Yes, you are correct. Since $$V_R(0^+) = V_C(0^+) = 0$$, $$i_R(0^+)$$ should also be zero.

Homework Equations

$$\alpha = 500 Hz$$
$$\omega_0 = 100 Hz$$
$$i_R(t) = Ae^{-10.10t} + Be^{-989.9t}$$

The Attempt at a Solution

Using these two equations
A + B = 0
$$i_c(0+) + i_L(0+) + i_R(0+) = 0$$
$$RC di_R/dt = -2 mA$$
$$i_R(t) = -2e^{-10.10t} + 2e^{-989.9t} mA$$

You should write your differential equation using $$i_L$$ as the independent variable.
You get $$i_L(t) = Ae^{-10.10t} + Be^{-989.9t}$$, with $$i_L(0) = 2mA$$ and $$\frac{di_L}{dt}(0) = 0$$

 

[piercas]

First, it is important to note that the initial conditions given in the question (v(0+) = 0 and i(0-) = 2mA) are not consistent with an overdamped RLC circuit.
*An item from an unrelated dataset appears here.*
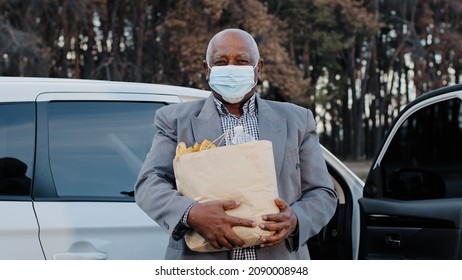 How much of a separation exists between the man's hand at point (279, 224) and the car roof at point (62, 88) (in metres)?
1.33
In an overdamped circuit, the initial conditions for the capacitor (v(0+) = v(0-) = 0) and the inductor (i(0+) = i(0-) = 0) should be equal.
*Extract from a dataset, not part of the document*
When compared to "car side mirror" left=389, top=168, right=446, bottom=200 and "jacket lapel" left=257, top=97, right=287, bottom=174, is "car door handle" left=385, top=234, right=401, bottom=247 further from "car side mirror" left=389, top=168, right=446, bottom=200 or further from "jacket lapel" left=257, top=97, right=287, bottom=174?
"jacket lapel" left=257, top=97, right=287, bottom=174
Assuming that the initial conditions for the capacitor and inductor are both 0, the solution for i_R(t) in an overdamped RLC circuit would be:

i_R(t) = Ae^{-10.10t} + Be^{-989.9t}

Where A and B are constants that can be determined using the initial conditions and the equations for the circuit.

Now, to address the discrepancy between your calculated solution and the graph from PSPICE, it is important to remember that PSPICE creates a numerical approximation of the solution, which may not be completely accurate. It is also possible that there could be a mistake in your calculations or equations that is causing the discrepancy. Double check your work and equations to ensure they are correct.
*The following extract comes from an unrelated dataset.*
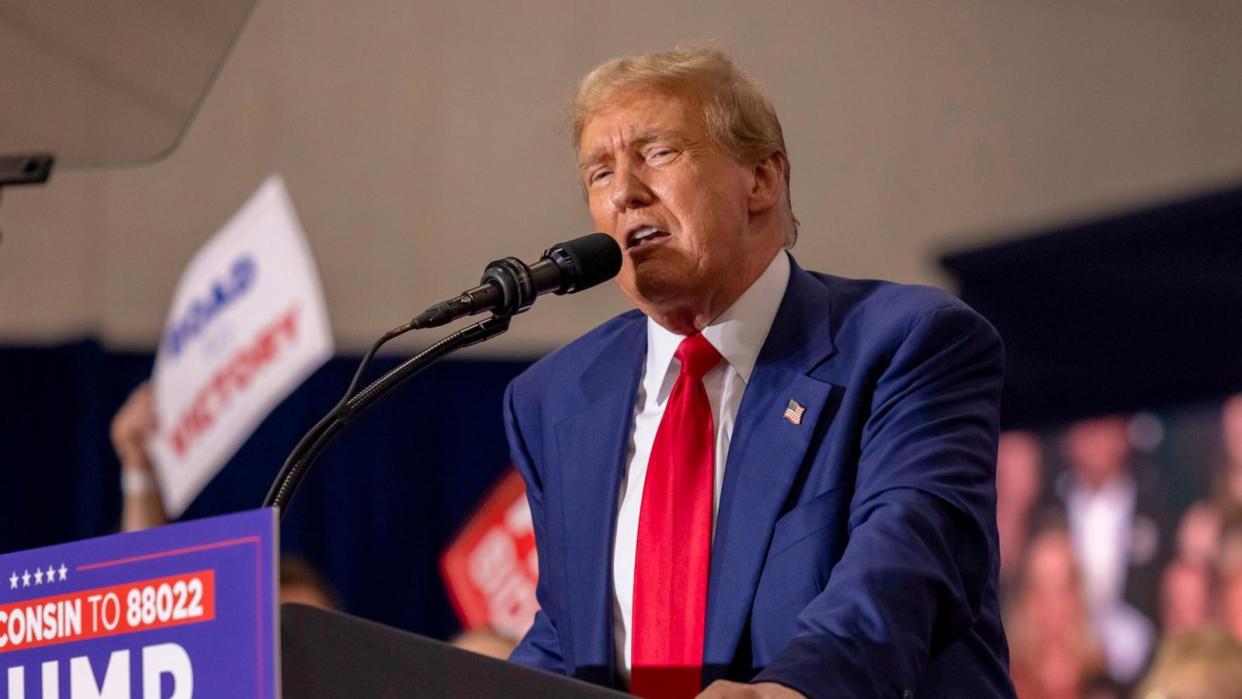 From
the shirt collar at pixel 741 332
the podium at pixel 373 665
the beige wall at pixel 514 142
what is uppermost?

In addition, it is important to note that the solution for i_R(t) in an overdamped circuit will eventually approach 0, but it may take longer than a critically damped or underdamped circuit. This could explain why the graph from PSPICE appears to start at -186mA. However, it is important to remember that the solution for i_R(t) will eventually reach 0, even if it takes a longer time.

In conclusion, the solution for i_R(t) in an overdamped RLC circuit should approach 0, but it may take longer than other types of circuits. It is also important to double check your calculations and equations to ensure they are correct.